Алексей Сергунин (АС) – один из наиболее успешных молодых российских композиторов. К 35 годам он представил публике оперу, мюзиклы, концерт для фортепиано с оркестром и десятки других сочинений, получил премию «Ника» за музыку к фильму «Ван Гоги», стал номинантом на «Золотую Маску» и лауреатом I Международного конкурса имени С.В. Рахманинова. Композитор, пианист, а теперь еще и дирижер, в интервью Дарье Ганиевой (ДГ) Алексей рассказал, почему собирается лично встать за пульт на премьере своего Концерта-симфонии «Русскому Донбассу», как можно призывать вдохновение и отнимет ли у авторов работу искусственный интеллект.

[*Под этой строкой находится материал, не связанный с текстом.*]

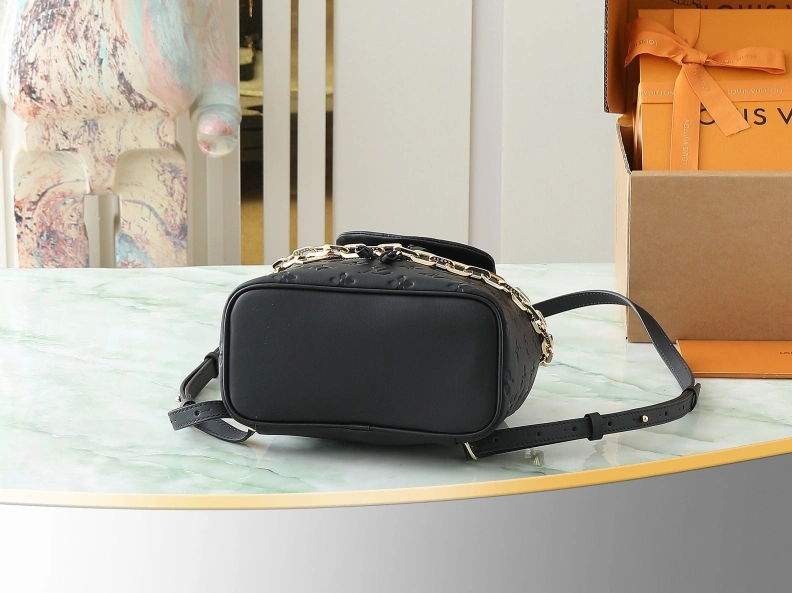 LX Backpacks EyeCatching 9597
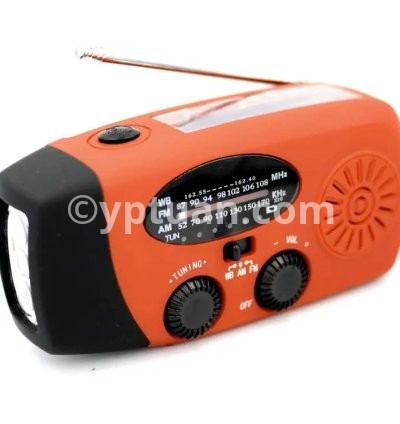 Orange US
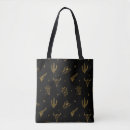 Search for bohemian bags Girl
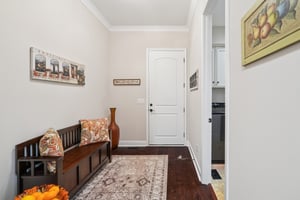 Bellegray Rd-S1911-042.jpg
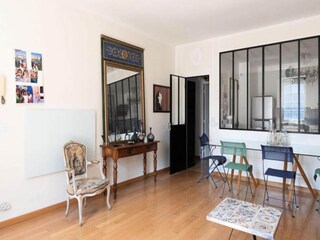 Apartment Paris  24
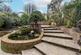 Additional image 28 of The Drive, London, SW20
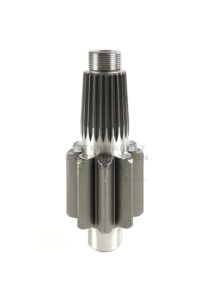 Product Image Ih1lf6d6910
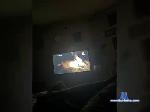 Badbanny28 bongacams livecam show performer room profile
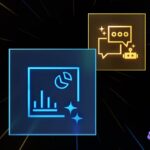 Harness Generative AI in Obsidian: A User’s Guide Get Plugged In: How to Use Generative AI Tools in Obsidian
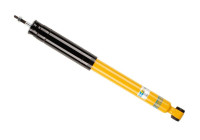 Amortiguador de alto rendimiento BILSTEIN B6 24-113441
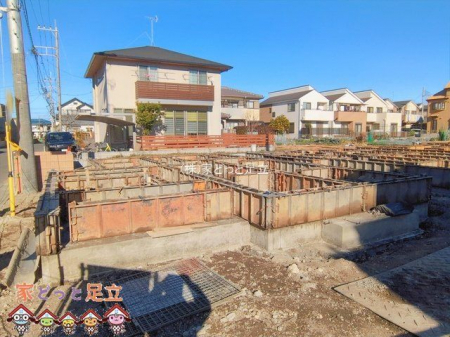 ���n�O�ώʐ^�@�B�e��(2026-01-09 00:00:00)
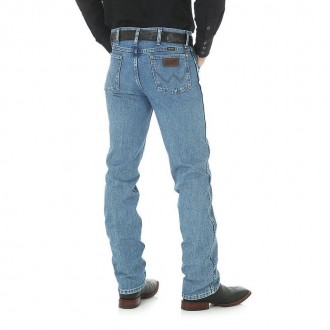 Оригинальные джинсы Wrangler из США.
Страна производитель: Mexico (для США).
Д. . фото 3
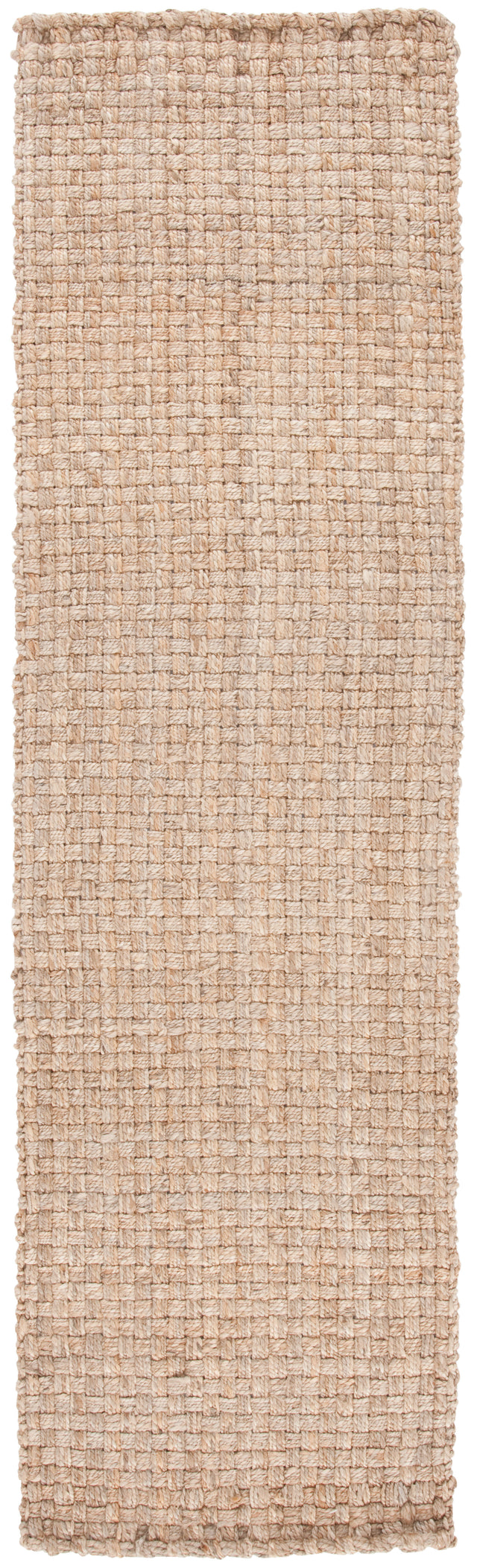 Safavieh Natural Fiber Nf268A Natural Area Rug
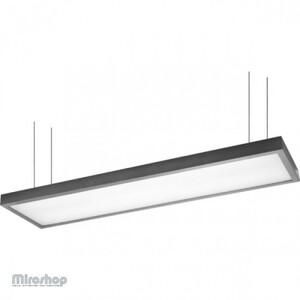 Декоративный светильник Lug Rubia Ceiling 010212.1203.142 - 2592
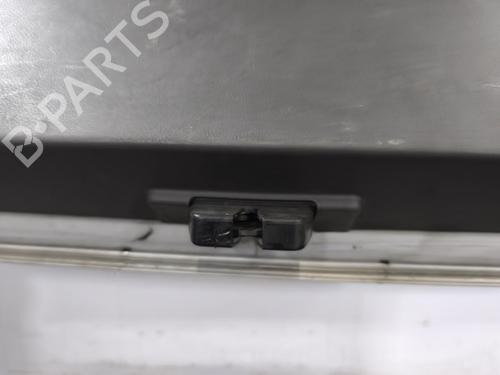 Tailgate FORD C-MAX (DM2) 1.6 TDCi | BP40438830C6 - Image 2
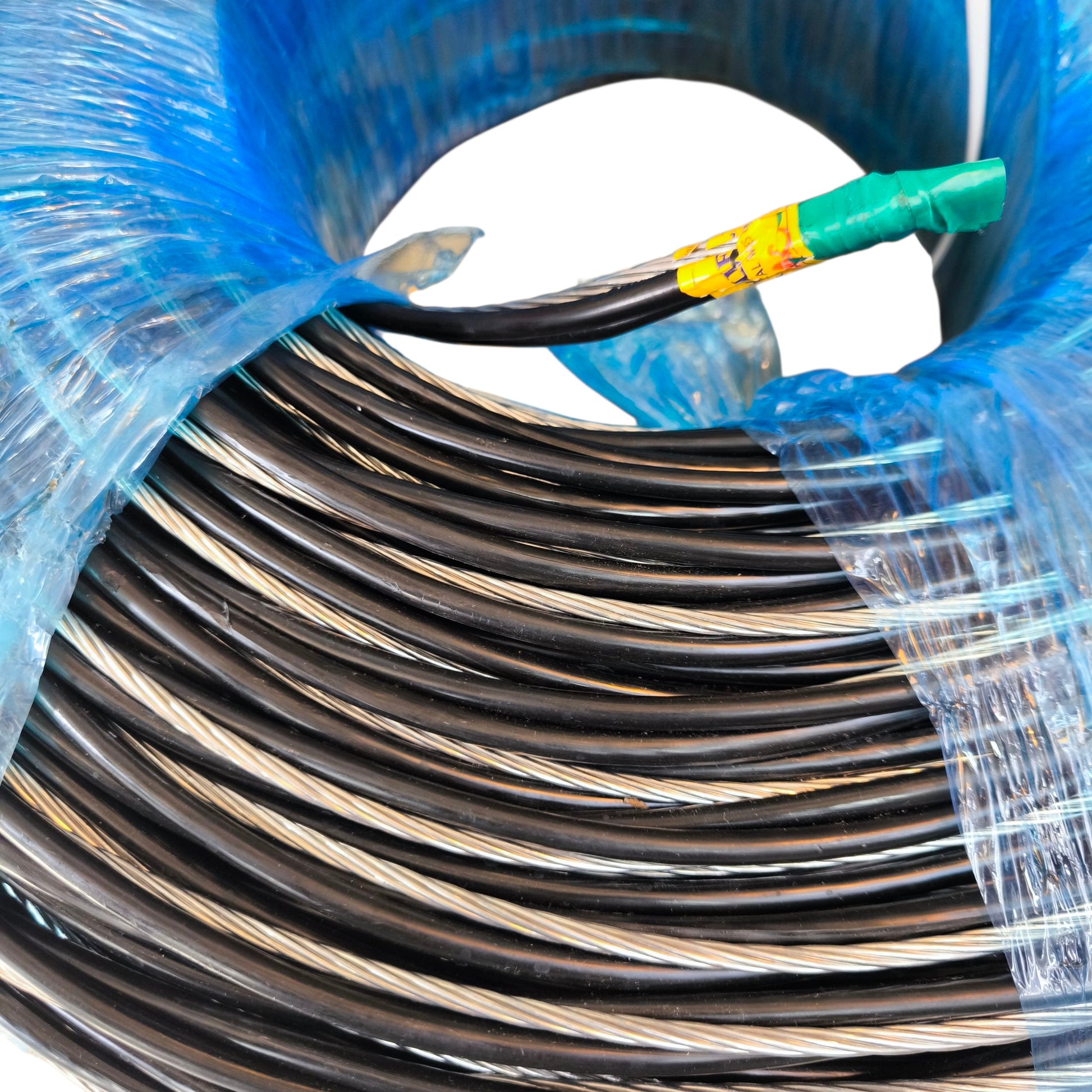 Philflex_Service_Drop_Wire_Duplex_AWG_1_0_50mm_500_Meter_Electx_Electrical_Supply_2_822cdfb4-ed2f-4f1f-a7dd-4
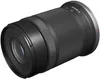 Canon RF-S55-210mm f/5-7.1 IS...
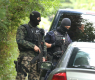 Спецакция: Откриха опасен боен арсенал из цяла България, има задържани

ДГ Как статус лауреата Конкурса Рахманинова повлиял на вашу карьеру? Появились ли новые заказы?
АС Да, был один новый заказ от зала «Зарядье» на создание цикла, который назывался «Пять фантастических пьес». Некоторые лауреаты тоже получили заказы.
ДГ А вот те сочинения, которые вы написали специально для конкурса, они продолжают исполняться где-то?
АС Нет, Концерт для фортепиано с оркестром с тех пор не исполнялся. Трудоемкая вещь… У нас с другими лауреатами было выступление в Музее музыки, где звучали произведения победителей вместе с сочинениями самого Рахманинова. Идея была в том, чтобы выстроить некую параллель и поговорить о том, как русская музыка меняется.
Однако могу сказать, что такого развития карьеры, как после конкурса у лауреатов-пианистов и дирижеров, у нас, композиторов, не последовало.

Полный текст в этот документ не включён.